Does Yes always mean Yes?

**CW: rape, sexual harassment, non-consent****

So, yesterday was the last day of the 16 days of Action against Violence Against Women, and so I wanted to chat about consent.

Heterosexual relationships in a patriarchal society can be very gendered. I speak as a woman in this post, and my ideas of consent cannot be separated from my gender identity. Men are raped. Men must also consent. The things I state apply to them also, but just bear in mind that this is a woman’s perspective.

I doubt you will meet many women at University who have never felt pressured, coerced or obligated to have sex in a situation when they didn’t particularly want to.
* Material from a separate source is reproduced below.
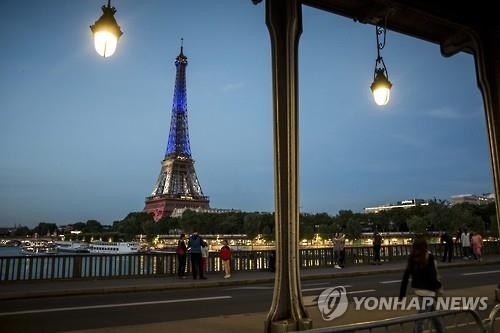 사우디 공주, 파리서 폭행강도 당해… 12억 시계 뺏겨 - 2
In fact, studies definitely seem to back this sad fact up as well.

There is a lot of great basic education on consent: making sure the person you’re with seems like they are enjoying what they are doing, getting verbal consent, checking for non-verbal cues. However, there is less education in the more subtle ways consent can be differentiated from non-consent. And so, paradoxically, to answer the question: What is Consent? I want to go through some of the things that are not consent.

1. Only a Yes

If you pressure someone into saying yes, this is not consent. A yes must be given freely, of a person’s own accord, and should not be something they seem a bit unsure or sceptical about giving.

2. Lying to get someone into a vulnerable position

This is especially true for casual hook ups. Telling someone you just want to kiss/cuddle and then trying to get them to have sex with you, when it was clearly not what they were after, again is not consent.
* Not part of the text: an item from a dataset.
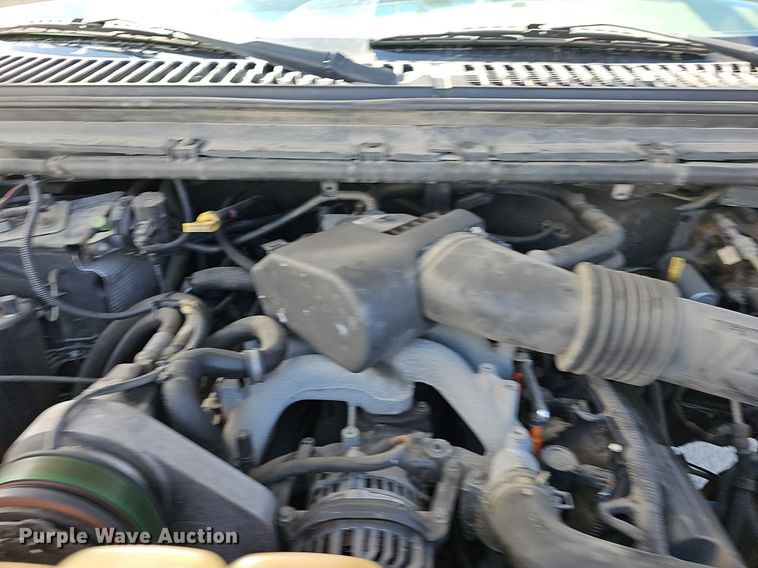 image for item DM1580 2003 Ford F450 Super Duty XL  bucket truck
3. Making someone feel guilty for not having sex with you

Telling someone you’re “too turned on to stop” or that it’s “too tempting” not to have sex, or anything similar, does not result in consensual sex. If someone is having sex with you because they feel like they should or feel guilty about not doing so, this is not consent.

4. Carrying on when someone is reluctant, but you arouse them to a point they stop refusing

If someone is reluctant when you start foreplay with them, and consistently says/gives non-verbal cues that they don’t want to be engaging in it, but then you get to a point where they are very aroused and not resistant anymore, that is not consent. Also, sexual arousal does NOT equal consent.

5. Wearing someone down

If you’ve asked someone if they want to have sex with you/go home with you/do x, y, z with you and they say no several times, before giving a yes, probably because they’re exhausted of putting up a fight and just feel it’s easier to give in, that is not real consent.

DO: COMMUNICATE! Verbal communication is just about the best thing you can do to ensure consent, especially with a new partner where you have no idea about their non-verbal cues.

Consent is complicated, but it’s the most basic requirement for sex. It doesn’t help that we don’t have compulsory consent education in schools.And for something which really isn’t up for debate, that’s a blatant omission by curriculum organisers. I for one was not told that for someone to have sex with me, then I had to say “Yes, you can do that”. And to me, that might have seemed basic, but how can we go on presuming that everyone understands consent? I’m a feminist, and I have still had questions into my University years about consent. It’s time we start educating. Consent isn’t sexy. Consent is required.